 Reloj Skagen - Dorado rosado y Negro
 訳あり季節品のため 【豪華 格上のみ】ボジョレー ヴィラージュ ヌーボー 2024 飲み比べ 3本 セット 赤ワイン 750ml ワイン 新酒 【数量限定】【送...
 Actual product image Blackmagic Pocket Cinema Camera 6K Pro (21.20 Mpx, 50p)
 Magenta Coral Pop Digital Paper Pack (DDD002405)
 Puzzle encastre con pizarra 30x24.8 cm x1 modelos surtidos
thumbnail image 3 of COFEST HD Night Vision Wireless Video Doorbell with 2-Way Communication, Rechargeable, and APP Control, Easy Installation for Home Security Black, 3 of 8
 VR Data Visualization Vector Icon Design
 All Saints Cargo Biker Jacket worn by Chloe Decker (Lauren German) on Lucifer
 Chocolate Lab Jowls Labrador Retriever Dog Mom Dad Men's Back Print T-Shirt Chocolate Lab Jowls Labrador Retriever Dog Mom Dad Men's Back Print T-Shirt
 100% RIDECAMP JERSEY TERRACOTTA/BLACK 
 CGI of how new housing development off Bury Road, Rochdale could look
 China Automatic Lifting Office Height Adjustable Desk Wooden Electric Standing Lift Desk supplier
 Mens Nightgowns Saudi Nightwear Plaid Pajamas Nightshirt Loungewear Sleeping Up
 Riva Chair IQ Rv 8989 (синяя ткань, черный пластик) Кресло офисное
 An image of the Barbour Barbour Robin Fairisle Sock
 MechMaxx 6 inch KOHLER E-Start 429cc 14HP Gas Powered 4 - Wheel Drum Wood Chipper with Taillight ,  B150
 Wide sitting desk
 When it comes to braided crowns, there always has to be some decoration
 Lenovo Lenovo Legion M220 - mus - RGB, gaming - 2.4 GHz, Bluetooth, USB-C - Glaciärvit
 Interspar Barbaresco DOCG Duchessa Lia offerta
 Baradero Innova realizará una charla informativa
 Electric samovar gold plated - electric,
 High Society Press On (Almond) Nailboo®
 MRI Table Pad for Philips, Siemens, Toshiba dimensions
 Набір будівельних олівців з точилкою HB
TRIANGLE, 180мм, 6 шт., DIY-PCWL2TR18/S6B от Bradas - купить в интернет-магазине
──────
*What the task requires*: Above are the records; reproduce all of them exactly.

*Answer to this exercise*:
 Reloj Skagen - Dorado rosado y Negro
 訳あり季節品のため 【豪華 格上のみ】ボジョレー ヴィラージュ ヌーボー 2024 飲み比べ 3本 セット 赤ワイン 750ml ワイン 新酒 【数量限定】【送...
 Actual product image Blackmagic Pocket Cinema Camera 6K Pro (21.20 Mpx, 50p)
 Magenta Coral Pop Digital Paper Pack (DDD002405)
 Puzzle encastre con pizarra 30x24.8 cm x1 modelos surtidos
thumbnail image 3 of COFEST HD Night Vision Wireless Video Doorbell with 2-Way Communication, Rechargeable, and APP Control, Easy Installation for Home Security Black, 3 of 8
 VR Data Visualization Vector Icon Design
 All Saints Cargo Biker Jacket worn by Chloe Decker (Lauren German) on Lucifer
 Chocolate Lab Jowls Labrador Retriever Dog Mom Dad Men's Back Print T-Shirt Chocolate Lab Jowls Labrador Retriever Dog Mom Dad Men's Back Print T-Shirt
 100% RIDECAMP JERSEY TERRACOTTA/BLACK 
 CGI of how new housing development off Bury Road, Rochdale could look
 China Automatic Lifting Office Height Adjustable Desk Wooden Electric Standing Lift Desk supplier
 Mens Nightgowns Saudi Nightwear Plaid Pajamas Nightshirt Loungewear Sleeping Up
 Riva Chair IQ Rv 8989 (синяя ткань, черный пластик) Кресло офисное
 An image of the Barbour Barbour Robin Fairisle Sock
 MechMaxx 6 inch KOHLER E-Start 429cc 14HP Gas Powered 4 - Wheel Drum Wood Chipper with Taillight ,  B150
 Wide sitting desk
 When it comes to braided crowns, there always has to be some decoration
 Lenovo Lenovo Legion M220 - mus - RGB, gaming - 2.4 GHz, Bluetooth, USB-C - Glaciärvit
 Interspar Barbaresco DOCG Duchessa Lia offerta
 Baradero Innova realizará una charla informativa
 Electric samovar gold plated - electric,
 High Society Press On (Almond) Nailboo®
 MRI Table Pad for Philips, Siemens, Toshiba dimensions
 Набір будівельних олівців з точилкою HB
TRIANGLE, 180мм, 6 шт., DIY-PCWL2TR18/S6B от Bradas - купить в интернет-магазине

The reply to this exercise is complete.